I’m definitely guilty of this. I’m way too hard on myself without realizing it, especially when it comes to writing. If I don’t do it on the first try, failure. If I don’t accomplish everything I want to by the end of the day, failure. If I don’t pick up on something quickly enough, failure. If I don’t find “balance” between all the things that are important to me, again, failure.

It’s way easier to be hard on ourselves than to appreciate all we’ve accomplished. It’s easier to give in to that little voice that seems to be rooted in our brains to remind us how we aren’t good enough. That’s why it’s so important to take time for ourselves and really evaluate where we are in our lives. Be more aware of that negative voice and call it out. Instead of focusing on what hasn’t been done, take a moment to reflect on all you’ve accomplished the past week, the past month, the past year.

When working on the first draft of Swabby, I tended to focus on the negative for a while. I hit a hard burnout last fall and it was seeping into every aspect of my life. My writing suffered and I barely wrote on a regular basis for months on end. I was trying to do too much at once without realizing what I was truly doing to myself. When I struggled with my writing schedule and it wasn’t a part of my regular routine anymore, I was even harder on myself.

I pushed myself too far until I wasn’t sure how I’d get back to my regular flow. It was only when I started out small and was kinder to myself that things finally started to change. I focused less on what had to be done every day, and instead focused on what I wanted to do that day. I would set small goals for myself that were very attainable. With time, those goals suddenly started to grow bigger. I still kept my small goals, but I was able to set bigger goals to work towards without feeling overwhelmed.

That’s why having a reward system is so important. My writing coach that I’ve been working on and off with for the last few months, Lindsay Elizabeth, reminded me of this fact constantly. Celebrate your successes, no matter how small, and be as specific as possible. While writing Swabby, I would reward myself with a movie whenever I hit a certain word count goal. Something simple and meaningful. Since I don’t have as much time to just sit, relax, and watch a movie as much as I used to, that was the ideal choice for me. Sometimes the reward was buying an exclusive edition of a book I was excited about. The bigger the goal, the bigger the reward. I live by this now, and I’m far more motivated to keep a steady pace with my writing goals.
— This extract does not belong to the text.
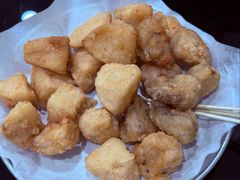 -水牛奶皇后糖水铺(深圳总店)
I’ve already grown so much while writing this book, and I’m excited to see where this journey takes me. It’s incredible and magical. I can honestly say I’ve never felt this way about one of my projects before. Somehow, this story feels different to me. Precious in a way that differs from my previous works, though I’m still incredibly proud and passionate about those.

There is still plenty of work to be done on this project, and I can’t wait to see what comes next.